You could try getting some tardis on it. Leave it a while and see if that helps. If not then you could try soaking some decent quality kitchen towel in tardis with a spray bottle and laying it on top and let it penetrate.

I say that with no idea if such a concentrated exposure to tardis would be bad for your paint as I don't use the stuff and I'm not a chemist. Maybe someone who knows the product better could validate my suggestion.

Happy to be told its a terrible idea if it is so don't do it until someone says it's ok or gives you better advice :thumb:


----------



## DOBE (May 4, 2012)

Hair dryer and it should peel off, then a few litres of tar and glue remover. 

I had the same prob with my sons fiesta. When I bought it for him it had ST stripes across the roof and bonnet and he wanted it off. 

Took a few hours but got it done.


----------



## Paul.D (Jun 26, 2013)

try some tardis if white spirit will remove some then you need a oil based cleaner to break down the glue. the other thing to try is a spirit based cleaner and see if that makes any difference


----------



## stiffler69 (Jan 20, 2014)

I used a heat gun on a van to remove vinyl stickers worked a treat


----------



## BJC (Jan 28, 2010)

Heat gun and AG tar remover works for me , used to do a lot of vinyl sign work , be careful with the heat gun don't cook it!


----------



## Obsessed Merc (Apr 10, 2011)

That is going to be a bi&tch of a job.
I've removed shed loads of vinyl lettering from our vans and boats.

Heating carefully with a heat gun and getting the vinyl to the right temperature where it peels off whole is the key. Too hot and it stretches and breaks. Too cold and it fragments.

This is already fragmented :-(

Cold weather is problematic for a start. Can you do it in the warm somewhere ? Garage with heating and some radiant heat ?
(Or leave it for a sunny day ?)

I would use a heat gun on lowest setting and warm it up until adhesive is softer and try to peel it off. Tardis then to get shot of the residue, turning the cloth all the time as the adhesive will clog up the cloth quickly. The cloth is a chucker after this btw.

Maybe use an old credit card if it's hard going, but be careful not to mar the paint.

Patience in spades is what you need. I'd struggle with this one tbh.

Good luck !


----------



## jbenekeorr (May 16, 2011)

Thanks for all the replies! I'll definitely get some tardis. The roof skin is plastic which just makes it more problematic as it just wants to melt! I think being gentle and warming it slowly is key (as above). The car is garaged so I can do stuff out of the extreme cold but it isn't heated!


----------



## Starbuck88 (Nov 12, 2013)

I'm interested to see how you manage this as it does seem to be an absolute pig of a job

The guy that came needs his nuts clipping... for damaging stuff.

I'd do as above really, slow heat and lots of glue remover!


----------



## jbenekeorr (May 16, 2011)

He damaged it, disappeared and became uncontactable!
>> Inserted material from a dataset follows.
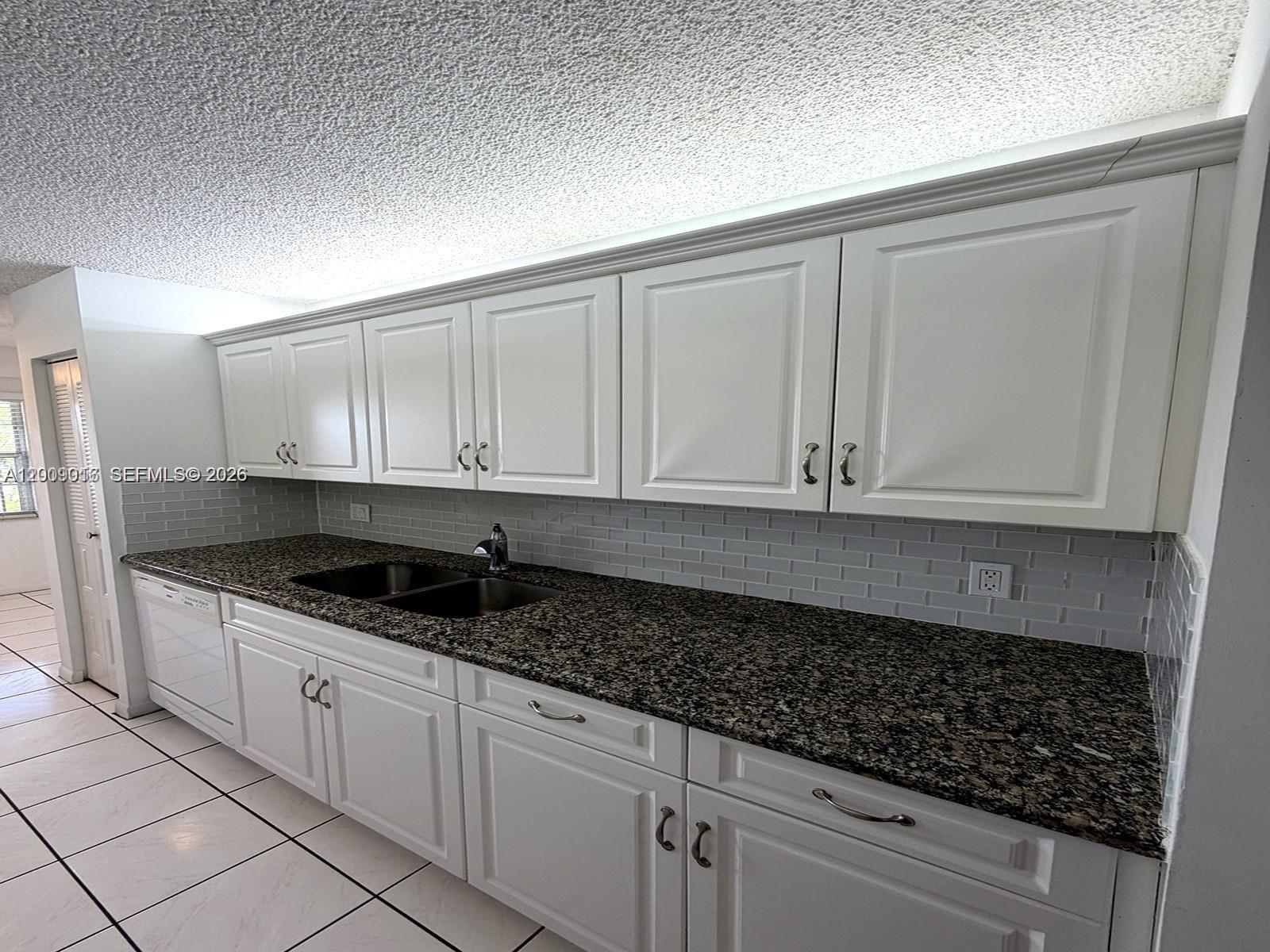 1400 SW 124th Ter # 402Q, Pembroke Pines FL 33027 photo 4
I resorted to ringing him repeatedly until he replied by text and told me what happened. Got to buy a new vinyl now!


----------



## Starbuck88 (Nov 12, 2013)

So he knew he did wrong and did a runner? How do you know him? Will he put up any of the cost?


----------



## jbenekeorr (May 16, 2011)

asonda said:


> So he knew he did wrong and did a runner? How do you know him? Will he put up any of the cost?


He runs his own business tinting windows etc. He made no offer to sort anything out and I hope never to hear from him again!


----------



## mattsbmw (Jul 20, 2008)

this is is nightmare of a job, i have done this on a classic mini, but was more brutal as the roof is being painted. 
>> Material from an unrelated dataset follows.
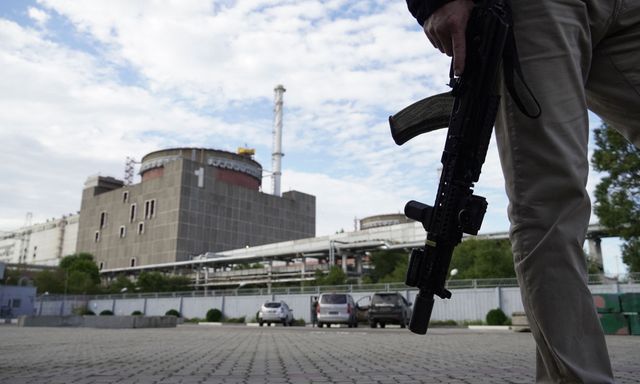 Biến cố ở Zaporizhzhia: Kỹ sư trưởng thiệt mạng - Nga yêu cầu IAEA lên tiếng trước 'tội ác'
Warming it up slowly will work, peel it off then lots of tardis should clear the residue, ndont expect to do it quickly though.

matt


----------



## reaveruk (Jan 18, 2014)

many years ago i had a van which i had to take the vinyl lettering of the sides/back..ect...i used a heat gun and just peeled it bit by bit, some bits came off in one go..once it was off i used a spray tin of label free adhesive remover , soaked it with it then scraped it off with a plastic scraper ( the same applicator they use to apply vinyl) Then it was just a matter of cleaning it up and polish. although remember to degrease and clean before applying the new vinyl.


----------



## Kiashuma (May 4, 2011)

I had the same type of thing on my Adria caravan.
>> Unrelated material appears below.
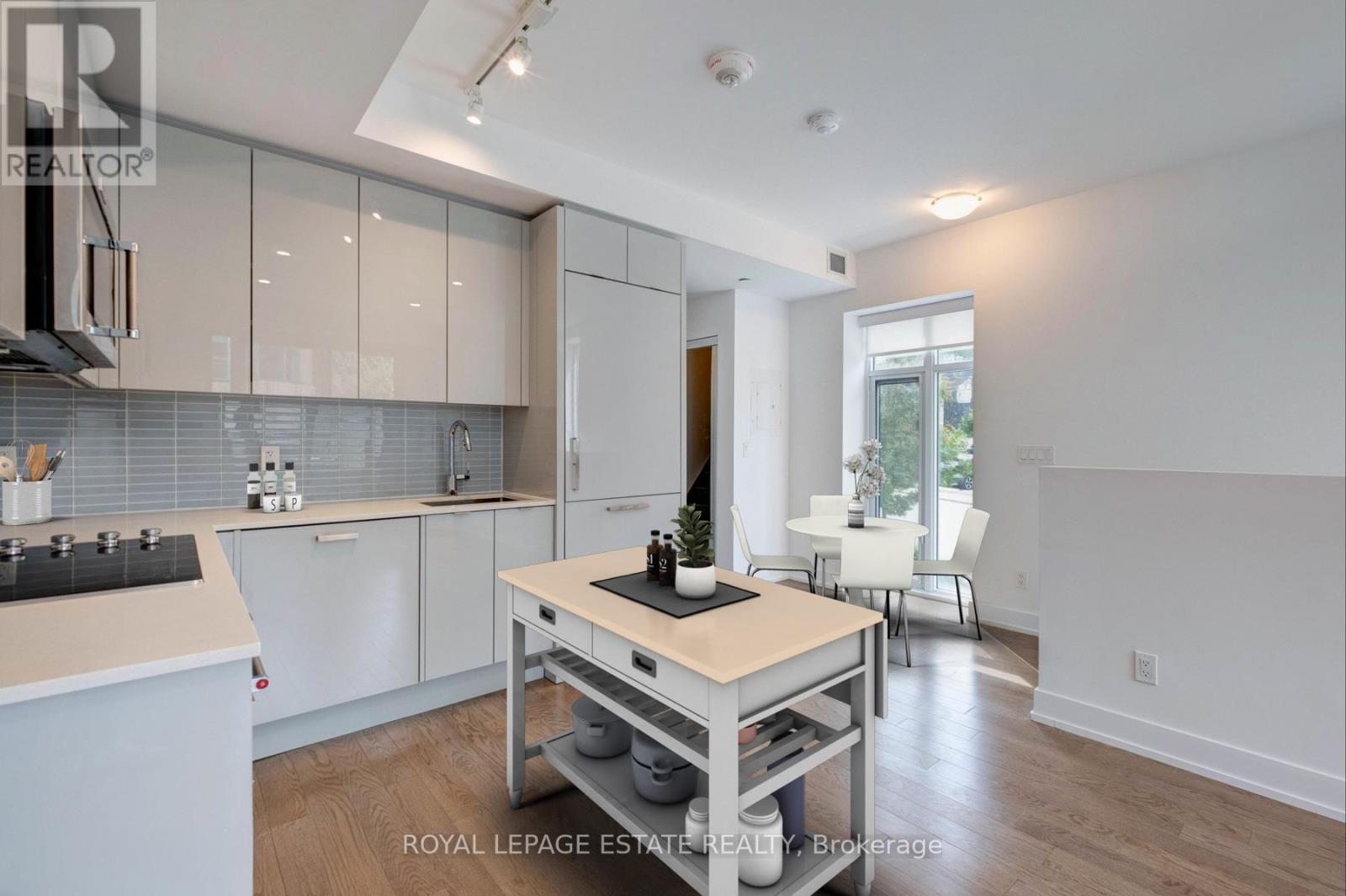 Property at TH9 - 175 PEARS AVENUE image 5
I bought a cheap hair dryer, one with a channel piece on the end and heated up the decals, you need to keep them hot and they should come off.

Good luck, it takes a while.


----------



## jbenekeorr (May 16, 2011)

Little update on this. I tried at the weekend with the heat gun, I could chip away at tiny pieces with my finger nail and managed to remove a bit then used the thinners to get rid of the glue. The tardis came today, soaked it in that for about 10 mins with some kitchen roll but it didn't touch it. Bought a flap wheel for the drill and tried that. It was a totally stupid idea as it's gone straight through the paint on the roof. It was a ridiculous idea.

So now I'm quite miserable and very angry at myself


----------



## woodys (Dec 20, 2010)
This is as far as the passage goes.